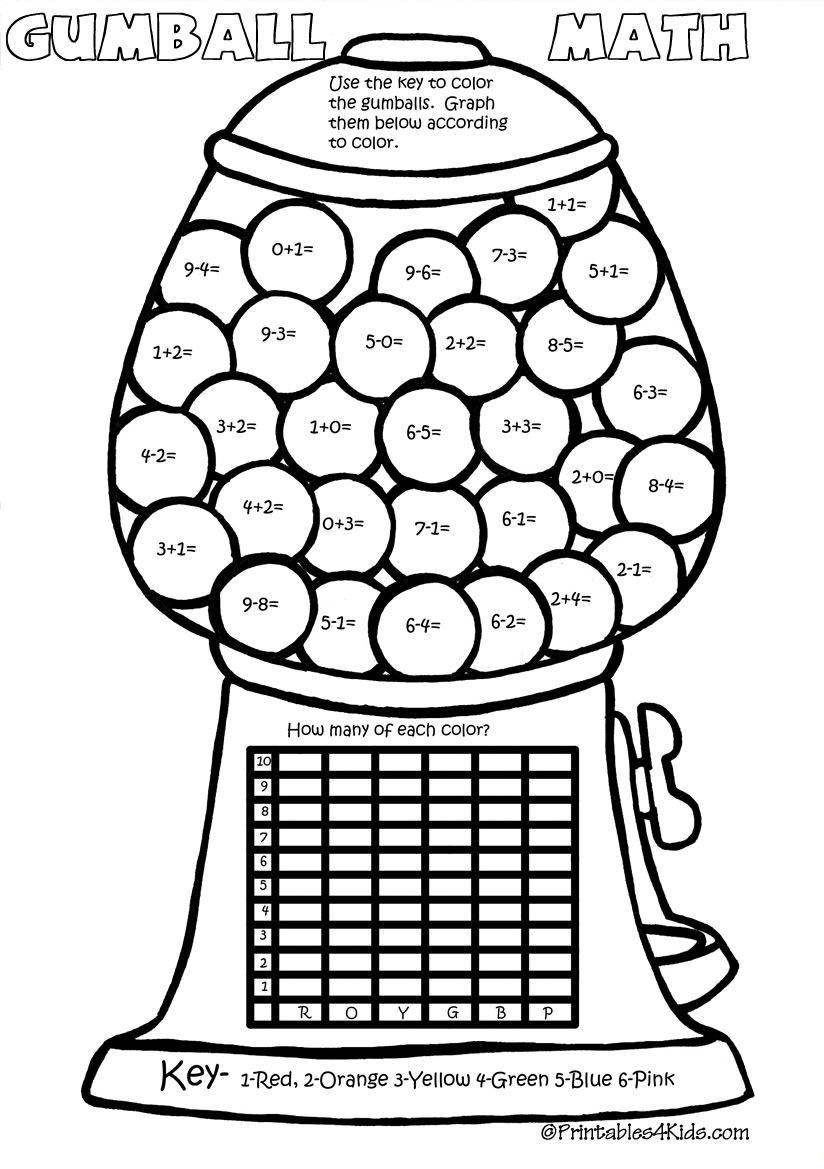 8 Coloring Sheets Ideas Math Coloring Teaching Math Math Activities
* * *
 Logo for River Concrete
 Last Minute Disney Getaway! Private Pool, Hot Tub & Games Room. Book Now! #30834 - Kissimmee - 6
* * *
→ **Instructions to follow**:
Beginning at the line with "Logo for River Concrete" and stopping after the line with "Last Minute Disney", please write out every line of the data above exactly and nothing else.

→ **Finished task**:
 Logo for River Concrete
 Last Minute Disney Getaway! Private Pool, Hot Tub & Games Room. Book Now! #30834 - Kissimmee - 6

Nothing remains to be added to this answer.